I watched that car filling up the mirror—bigger and bigger it grew—and coming up super fast and then my head went thud when the realization came of what was about to happen. That car is going to hit us! I remember trying to yell, but couldn’t because I had no air. And then the car hit, an explosion, a bomb inside my head, a bang that consumed everything, and there was nothing but the explosion and the bang and the dark and I couldn’t see. And everything was so loud—so fucking loud—and I felt the seatbelt clamping me to the seat, cutting off my air. Glass was hitting my face, showering it, and my eyes were closed and the car was spinning, then I was upside down and flipping and I couldn’t breathe, couldn’t scream.
Then it was silent. It was so quiet, so still. So strange. I was hurting from something that hit my chest and it was so painful to breathe but I had to breathe. I had an oily taste in my mouth and my face was wet and at first I thought it was blood but it wasn’t. It was oil and that shit was on my face and in my mouth and I could taste it. And I was on my left side pushed down on the door, seeing all the small square pieces of glass resting by my cheek. I looked at my left hand and it looked okay so I moved it and felt it was okay. Nothing broken there. And in the silence the seatbelt was choking me and then I remembered Samantha was in the car. I remembered her singing and I thought about the presents waiting for her at home and how happy she would be when we handed them to her and I remembered the words “had a vewwy shiny nose” and I thought of her hair—her beautiful red hair—and I thought, after we both go to the doctor and we both get better I will do something really, really nice for Samantha and I will spend more time with her and I will quit working so goddamned much and quit being such a lousy father. I would quit drinking or at least I would cut it back. And I would take Janice and Samantha to Hawaii for a vacation on the beach like I should have but didn’t because I was always working and never made the time for them. All this was going to happen when we both got better. I would be what I had been.
And my neck hurt—it hurt so much—but I started working on turning to my right to face Samantha because I needed to say something nice to her because I knew she would be scared because this was such a bad accident. Sammy, Daddy’s right here. It’s okay. As soon as I could turn I would say those words. And I finally got a little air into my lungs and I said “Samantha”—that was all I said—and I looked at her, still strapped in her car seat.

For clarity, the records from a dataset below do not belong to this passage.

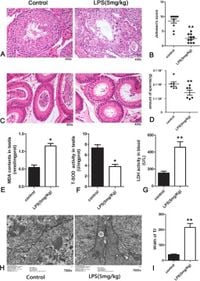 Oral administration of antimicrobial peptide MPX can effectively regulate LPS-mediated testicular oxidative stress and blood‒testis barrier damage - Scientific Reports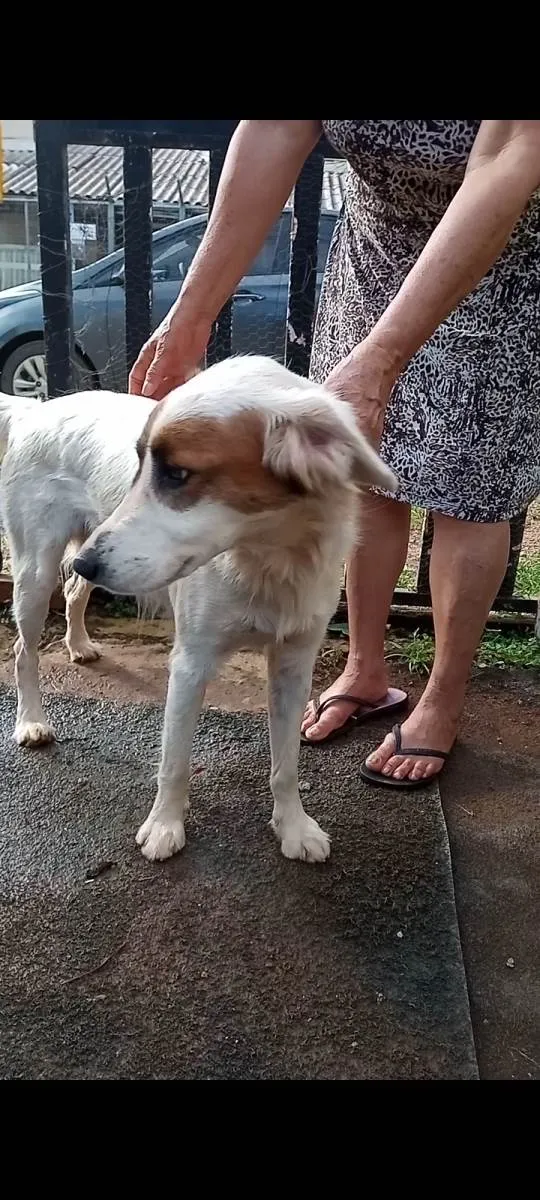 Cachorro ra a SRD-ViraLata idade 1 ano nome Pix
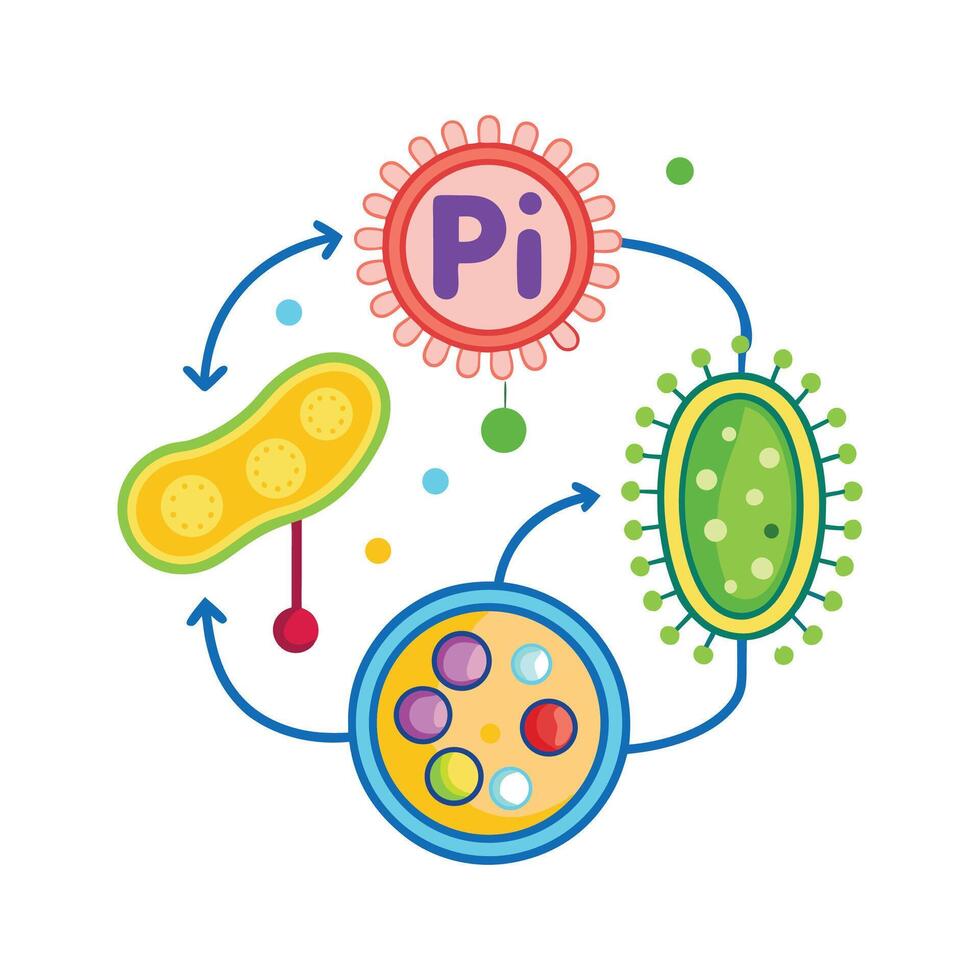 Bacterial Conjugation through Pili Exchange Mechanism vector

Samantha no longer looked pure and she wasn’t singing—no more shit for me to get irritated at her for. She was not moving and was bloody everywhere. Blood was coming from a big gash in her neck and from five, ten spots on the pink—now red—jumper. There was something sticking in her chest. A piece of metal from the frame? What is that? Her head was hanging down at an impossible angle. And I stared at Samantha and I heard someone yelling outside, then I heard a lot of people yelling, then some people yelling into the car. And I remember somebody—a man—saying, “Shit, they’re both dead.” And I quit thinking about taking my family to Hawaii or being a great dad to Samantha or being the guy I had been at one time.